Dzeko has played in front of hostile crowds his entire career, at the Etihad, the Stadio Olimpico, the great cathedrals of European football. A packed stadium of American supporters will not faze a man who learned to play while a city was under siege. If Bosnia are to spring the upset and reach the last sixteen for the first time in their history, it will be because their captain dragged them there, one more time, on legs that have given everything for two decades.
The United States have weapons of their own, of course. Christian Pulisic returns refreshed, Folarin Balogun has found his scoring touch, and the home support has roared the team through the group stage. Bosnia will need to weather long spells without the ball and trust that Vasilj and the defence can hold firm until Dzeko gets his chance. It is the role the Dragons have played their whole existence, the smaller side daring a bigger one to find a way through. They have made a habit of making favourites uncomfortable, and the United States, for all their momentum, will know that a wounded veteran with one tournament left is the most dangerous opponent of all.
The career that carried a country
Dzeko’s path from the basements of Sarajevo to the top of European football was not smooth. He was nearly lost to the game in his teens, deemed too raw by the academies that should have snapped him up. A move to the Czech club Teplice gave him a foothold, and from there Wolfsburg took a chance that changed everything. In the 2008-09 Bundesliga season he formed a partnership with Grafite that fired Wolfsburg to a stunning league title, and the goals he scored that year turned him from a project into a target for the continent’s elite.
Manchester City paid a club-record fee to bring him to England, and although he often played second fiddle, he scored the goals that mattered, including a strike on the final day of the 2011-12 season that helped set up the most dramatic title finish the Premier League has seen. Roma followed, and in Italy Dzeko found a second peak, racking up goals into his thirties and earning a love from the Roma support that endures. Through all of it, he kept answering his country’s call, flying across Europe for qualifiers that the bigger names of the game would never have to think about.
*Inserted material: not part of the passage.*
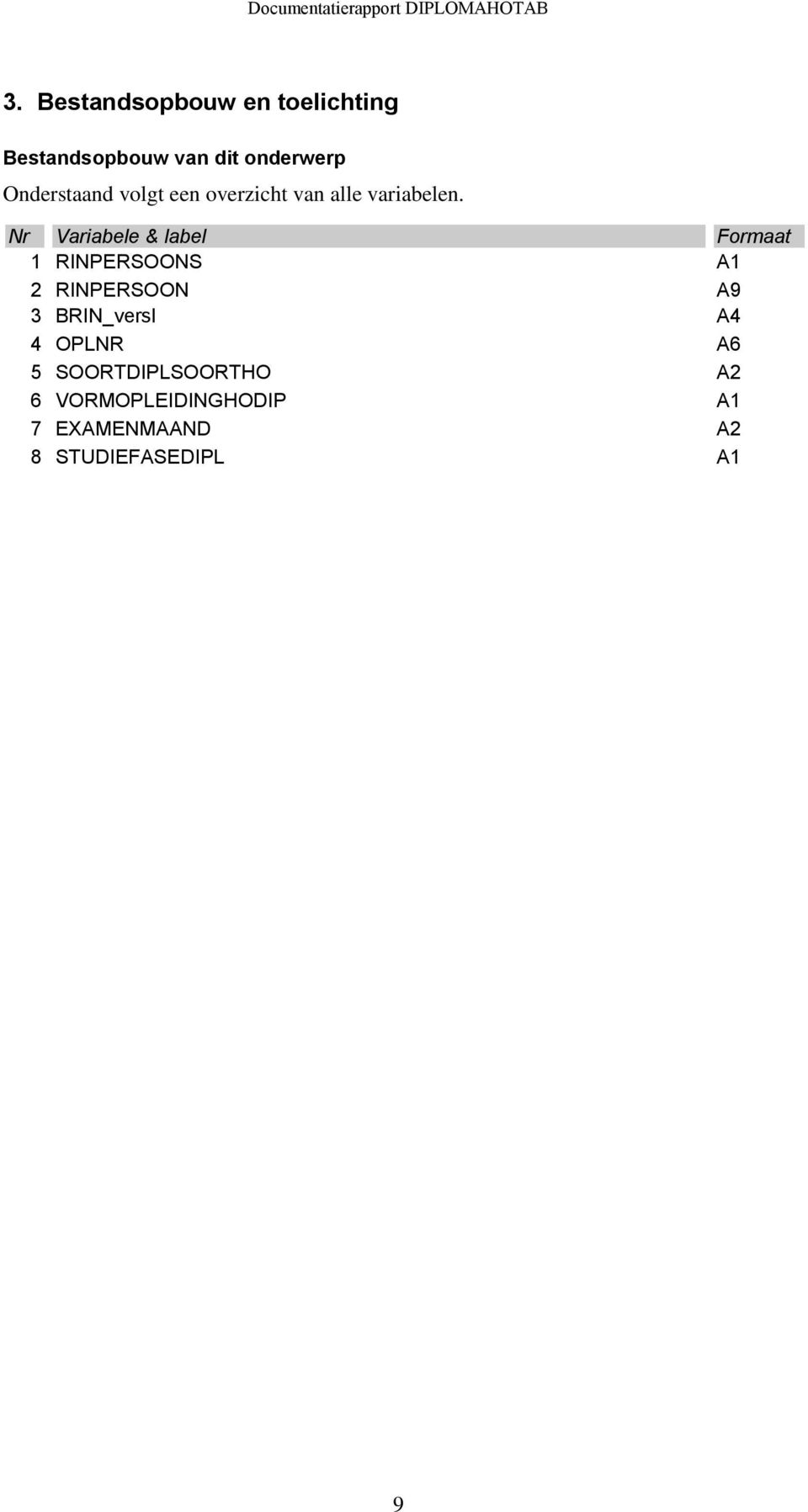 Nr Variabele & label Formaat 1 RINPERSOONS A1 2 RINPERSOON A9 3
That loyalty is the thread. Dzeko could have treated international football as an afterthought once the club trophies arrived. Instead he made Bosnia the centre of his identity, scoring 73 times and turning up for campaigns that ended in disappointment far more often than joy. The reward, finally, is this second World Cup, a tournament he forced into existence with an 86th-minute goal in Wales when his country’s hopes were all but gone.
More than a footballer
Whatever happens against the United States, Dzeko’s place in his country’s story is already secure. He is the symbol of a Bosnia that endured, the child of the siege who became a continental star and never forgot where he came from. He has spoken often about the responsibility of representing a nation still healing from its past, and he has carried that weight with a grace that has made him a hero far beyond the football pitch.
The Round of 32 may be the end, or it may be the start of one final, improbable run. Either way, the image will linger. A forty year old man, born under shellfire in a city the world had written off, leading his country onto the grandest stage the sport can offer. Bosnia and Herzegovina exist as a footballing nation because people like Edin Dzeko refused to let the country be defined by its darkest years. On 1 July, he gets one more chance to remind everyone watching exactly what that means.